Besonders positiv entwickelte sich die klassische Eigentumskriminalität: Einbrüche in Wohnräume gingen um 24,5 Prozent zurück, Pkw-Diebstähle sogar um mehr als die Hälfte. Auch Raubüberfälle und Trickdiebstähle sind deutlich seltener geworden. Zuwächse gab es hingegen bei Diebstählen aus Firmenfahrzeugen.
Im Bereich der Gewaltkriminalität wurden fünf Mord- bzw. Mordversuche registriert – alle Fälle konnten geklärt werden. Sorgen bereiten jedoch steigende Übergriffe auf Polizisten sowie weiterhin hohe Zahlen bei häuslicher Gewalt.
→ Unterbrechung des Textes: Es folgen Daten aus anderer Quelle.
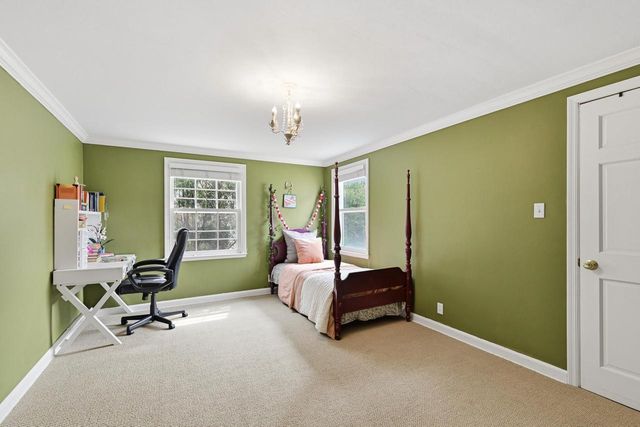 6209 N Berkeley BOULEVARD, Whitefish Bay, WI 53217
Als größte Herausforderung bezeichnet die Polizei die stark zunehmende Cyberkriminalität. Mehr als 400 Fälle von Hacking sowie knapp 600 Internetbetrugsdelikte wurden angezeigt. Die Schadenssummen sind oft hoch, die Aufklärungsquote bleibt aufgrund internationaler Täterstrukturen vergleichsweise niedrig.
Stabil zeigt sich die Suchtmittelkriminalität mit hoher Aufklärungsquote, während Umweltdelikte deutlich zugenommen haben. Insgesamt bleibt der Bezirk Baden laut Polizei ein sicherer Lebensraum, auch wenn neue Kriminalitätsformen zunehmend an Bedeutung gewinnen.